Stored data
----

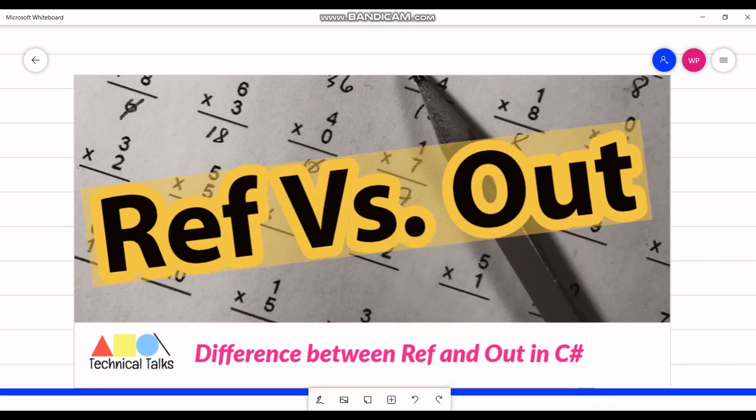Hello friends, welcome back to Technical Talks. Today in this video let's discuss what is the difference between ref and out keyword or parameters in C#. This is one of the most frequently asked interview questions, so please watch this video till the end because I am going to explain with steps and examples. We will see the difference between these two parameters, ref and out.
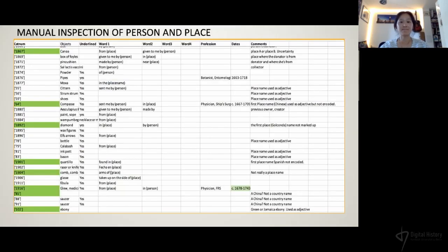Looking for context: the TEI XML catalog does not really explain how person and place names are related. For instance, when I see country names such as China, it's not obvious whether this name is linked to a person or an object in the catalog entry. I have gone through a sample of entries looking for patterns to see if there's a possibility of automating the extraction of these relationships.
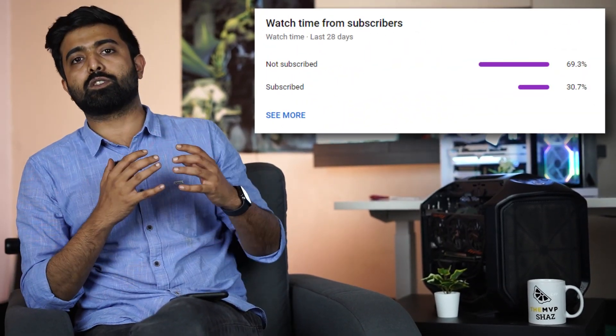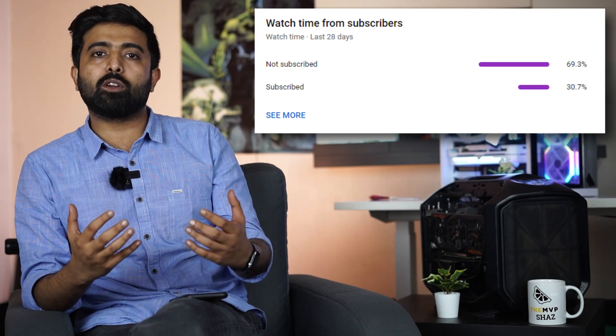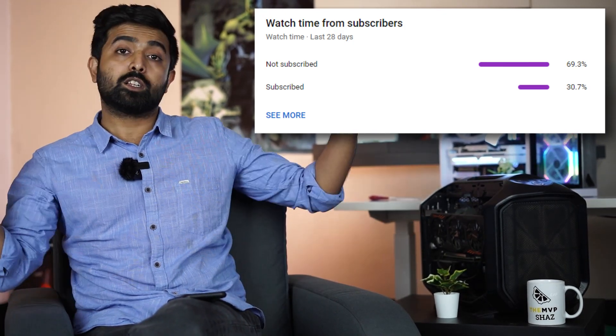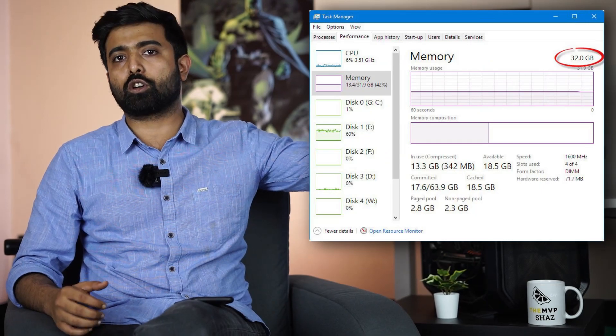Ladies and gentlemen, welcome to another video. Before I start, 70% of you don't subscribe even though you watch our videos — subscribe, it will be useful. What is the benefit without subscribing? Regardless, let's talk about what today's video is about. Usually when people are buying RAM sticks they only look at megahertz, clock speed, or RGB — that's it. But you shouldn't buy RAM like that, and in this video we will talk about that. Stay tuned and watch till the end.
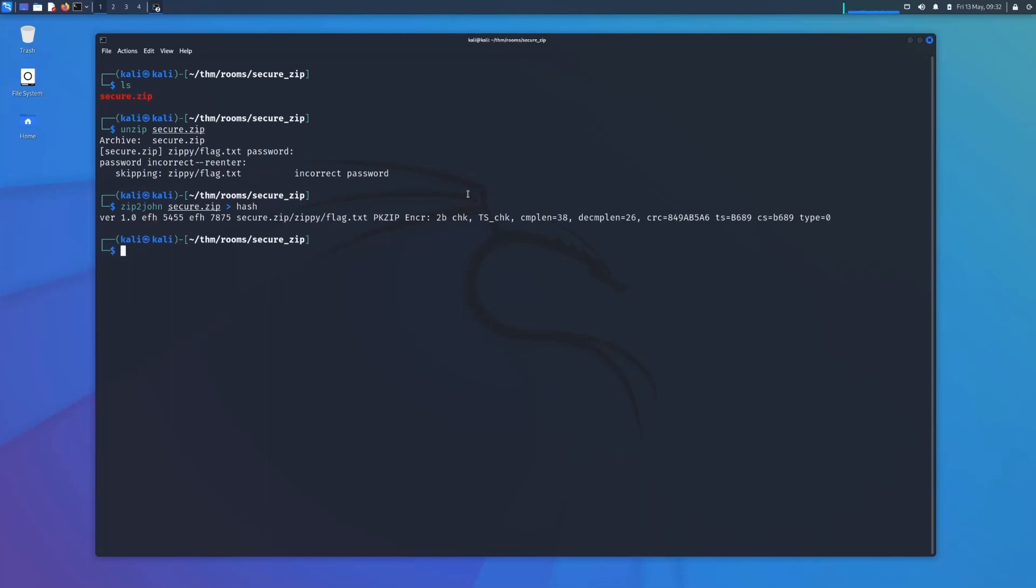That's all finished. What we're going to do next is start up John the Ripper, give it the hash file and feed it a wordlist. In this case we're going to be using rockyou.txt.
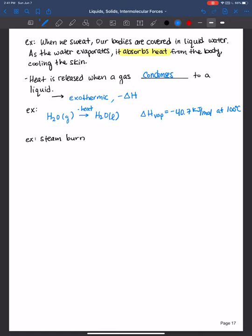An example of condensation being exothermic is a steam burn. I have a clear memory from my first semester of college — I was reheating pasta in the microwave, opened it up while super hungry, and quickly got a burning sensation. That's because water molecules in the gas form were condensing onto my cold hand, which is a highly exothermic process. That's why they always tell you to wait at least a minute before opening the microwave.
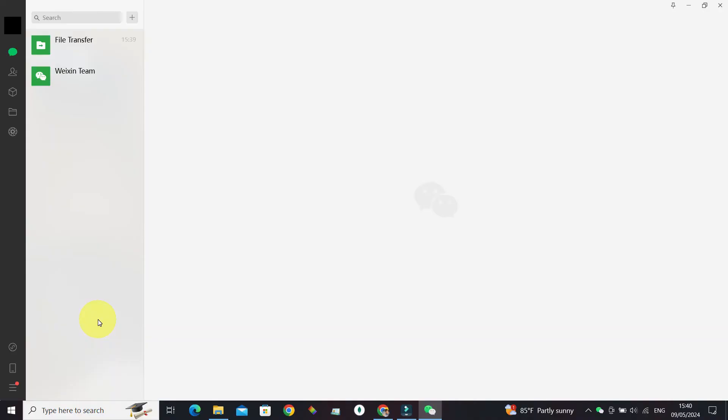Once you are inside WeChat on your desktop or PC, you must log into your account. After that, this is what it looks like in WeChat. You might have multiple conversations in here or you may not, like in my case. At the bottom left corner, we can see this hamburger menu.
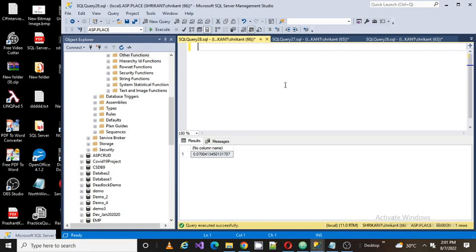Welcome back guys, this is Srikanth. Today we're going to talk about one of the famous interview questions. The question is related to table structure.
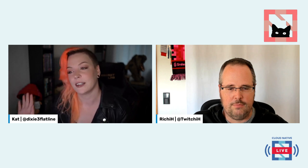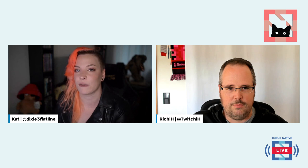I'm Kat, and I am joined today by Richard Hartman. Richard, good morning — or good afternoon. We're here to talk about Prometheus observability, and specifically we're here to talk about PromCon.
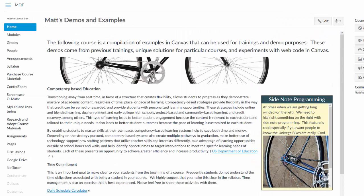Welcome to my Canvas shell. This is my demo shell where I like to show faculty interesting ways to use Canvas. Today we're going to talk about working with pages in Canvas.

----

> **Exercise instructions**:
Write out exactly the lines between the start of the data and the line with "Looking for context: the", including both, but none of the pictures.

> **Answer for this exercise**:
Hello friends, welcome back to Technical Talks. Today in this video let's discuss what is the difference between ref and out keyword or parameters in C#. This is one of the most frequently asked interview questions, so please watch this video till the end because I am going to explain with steps and examples. We will see the difference between these two parameters, ref and out.
Looking for context: the TEI XML catalog does not really explain how person and place names are related. For instance, when I see country names such as China, it's not obvious whether this name is linked to a person or an object in the catalog entry. I have gone through a sample of entries looking for patterns to see if there's a possibility of automating the extraction of these relationships.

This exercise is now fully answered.